Par Nadir Kadi
Le Procureur général près la Cour suprême a fait savoir, hier, que la justice rejetait les pourvois en cassation introduits par la défense des anciens hommes d’affaires Mahieddine Tahkout et Mourad Oulmi.
La Cour suprême ajoute que les peines prononcées, les 21 octobre et 18 novembre derniers par la Cour de justice d’Alger, contre les ex-investisseurs dans le secteur de l’automobile, sont «définitives» pour les principaux accusés. Elle a toutefois «accepté les recours» et ouvert la voie à la poursuite de l’action judiciaire en ce qui concerne les demandes de pourvoi des avocats du Trésor public.
En effet, dans un communiqué en partie repris hier par l’APS, la Cour suprême précise que «la chambre des délits et infractions» est parvenu, le 10 mai, à deux décisions : la première «concerne l’affaire Oulmi Mourad, Oulmi Khider, Ouyahia Ahmed, Youcef Yousfi et consorts» et la seconde, le dossier impliquant «Mahieddine Tahkout, Ahmed Ouyahia, Abdelmalek Sellal, Amar Ghoul, Youcef Yousfi et consorts». Deux affaires liées à la corruption et aux «liens d’intérêt» entre les investisseurs du secteur du montage automobile et le pouvoir politique durant la présidence Bouteflika.
Ainsi, il est précisé au sujet du dossier Mourad Oulmi que «la Cour suprême a rejeté les recours de tous les accusés ainsi que le recours du Parquet contre tous les accusés, à l’exception des accusés acquittés». Le communiqué précise également que la Cour suprême a «accepté le recours du juriste du Trésor dans la forme et dans le fond». Décision qui rend le verdict de la Cour de justice d’Alger du 21 octobre 2020 «définitive» et «applicable, à l’exception des accusés acquittés».
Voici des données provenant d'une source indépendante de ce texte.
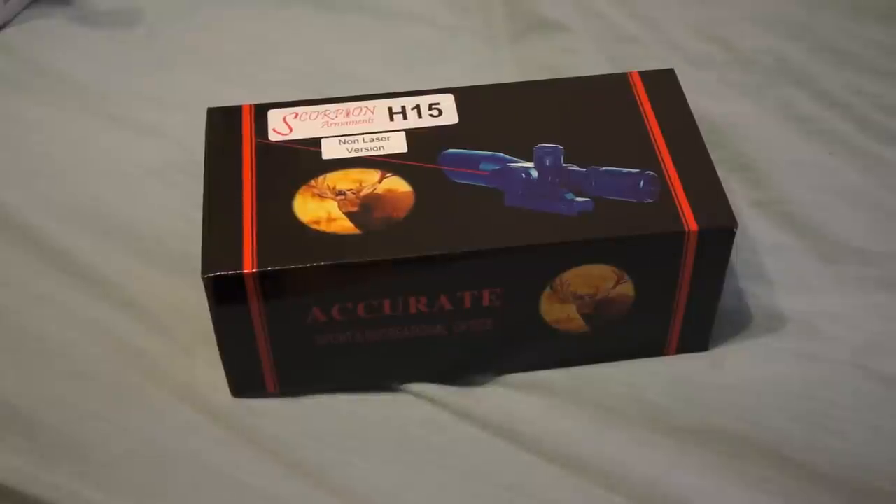This is an unboxing and first impressions of the Scorpion Armament H15 ACOG style scope. It's a 2.5x10x40 compact scope, similar to the BSA, AIM Sports, and the Nick Star. The price on it was a little bit cheaper, but I thought I'd give it a shot and see what it was like.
Il est à rappeler que la Cour d’Alger avait prononcé, en appel, plusieurs peines allant de la détention aux amendes, en passant par la confiscation de biens. Mourad Oulmi, ex-président du groupe Sovac pour le montage et l’importation de véhicules, avait ainsi été condamné à 10 ans de prison ferme pour les charges de «blanchiment d’argent et incitation d’agents publics à exploiter leur influence». Ses co-accusés ont quant à eux écopé de lourdes peines, notamment 10 ans de prison ferme contre l’ancien Premier ministre, Ahmed Ouyahia, ou encore «2 ans de prison dont une avec sursis» pour l’ancien ministre de l’Industrie, Youcef Yousfi et «2 ans de prison dont une ferme avec sursis» contre l’ancien PDG du Crédit populaire algérien (CPA), Omar Boudiab.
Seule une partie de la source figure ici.